Davalılar vekili, davalı Kale Akü San. A.Ş. ile dava dışı temlik eden Milli Aydın Bankası arasında kredi sözleşmelerinin akdedildiği ve bu sözleşmeler kapsamında kullandırılan kredilerin geri ödenemediği hususlarının doğru olduğunu, ancak temlik eden banka tarafından kredi borcunun tahsili amacıyla birçok takibin yapıldığını ve bu dosyalardan tahsilatların gerçekleştiğini, borcun önemli bir bölümünün tahsil edildiğini, ayrıca davalı ...'in hiç bir sözleşmede kefaletinin olmadığını belirterek davanın reddini istemiştir.
İlk Derece Mahkemesince, davacı banka ile imzalanan sözleşmelere istinaden davalı Kale Akü San. ve Tic.
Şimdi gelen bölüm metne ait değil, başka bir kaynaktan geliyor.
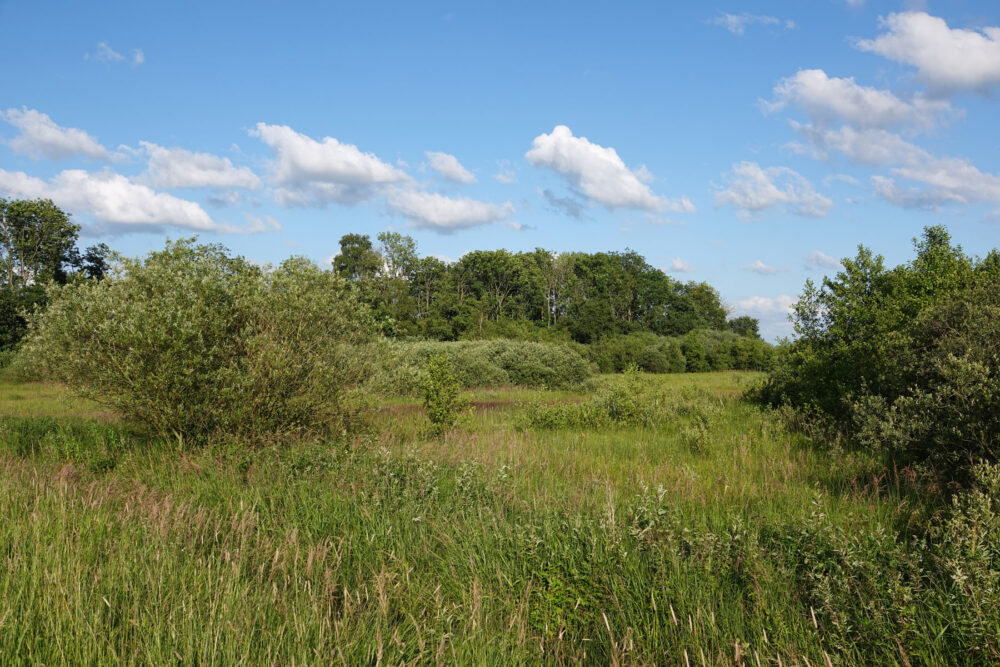 Weeringsbroeken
A.Ş. tarafından kredi kullanıldığı, davalılar Ahmet ve İsmail Tekin' in sözleşmeleri müşterek borçlu ve müteselsil kefil sıfatı ile imzaladıkları, ancak davalı
Tekin'in sözleşmelerde kefaletinin bulunmadığı, yapılan bilirkişi incelemesi sonucunda davacının takip tarihi itibariyle davalılardan 52.389,54 TL asıl alacak, 1.004.893,12 TL faiz olmak üzere toplam 1.057.282,66 TL alacaklı olduğunun tespit edildiği, bu miktar üzerinden icra takibine yapılan itirazın haksız ve yersiz olduğu gerekçesiyle davanın, davalı ... yönünden pasif husumet ehliyeti yokluğu nedeniyle usulden reddine, diğer davalılar yönünden kısmen kabulüne, davalıların takibe yaptığı itirazın kısmen iptaline, takibin 52.389,54 TL asıl alacak, 1.004.893,12 TL işlemiş faiz olmak üzere toplam 1.057.282,66 TL ile asıl alacağa icra takip tarihinden itibaren işletilecek %13,75 temerrüt faizi ile birlikte devamına, takibin devamına karar verilen bölüm üzerinden hesaplanacak %20 icra inkar tazminatının davalılardan alınarak davacıya verilmesine, fazlaya ilişkin istemin reddine karar verilmiştir.
Karar, davalı ... vekili ve davacı vekili tarafından istinaf edilmiştir.
Bölge Adliye Mahkemesince, davalı ...'in kredi sözleşmelerinde kefaletinin bulunmadığı, buna rağmen davalıya yönelik olarak kredi borcunun tahsili amacıyla icra takibine girişildiği ve davalı tarafından takibe itiraz edildiği anlaşıldığından davalının pasif husumet ehliyetinin olduğu, ancak davalıya yönelik girişilen takibin haksız olması nedeniyle davanın reddine karar verilmesinin gerektiği, diğer hususlarda mahkemenin kararının usul ve yasaya uygun olduğu gerekçesiyle davacının istinaf başvurusunun HMK'nın 353/1-b-1. maddesi gereğince esastan reddine, davalı vekilinin istinaf talebinin 6100 sayılı HMK'nın 353/1-b-2. maddesi gereğince kabulüne, İlk Derece Mahkemesi kararının kaldırılmasına, yeniden hüküm kurularak, davanın, davalı ... yönünden esastan reddine, diğer davalılar yönünden kısmen kabulüne, davalıların takibe yaptığı itirazın kısmen iptaline, takibin 52.389,54 TL asıl alacak, 1.004.893,12 TL işlemiş faiz olmak üzere toplam 1.057.282,66 TL ile asıl alacağa icra takip tarihinden itibaren işletilecek %13,75 temerrüt faizi ile birlikte devamına, takibin devamına karar verilen bölüm üzerinden hesaplanacak %20 icra inkar tazminatının davalılardan alınarak davacıya verilmesine, fazlaya ilişkin istemin reddine karar verilmiştir.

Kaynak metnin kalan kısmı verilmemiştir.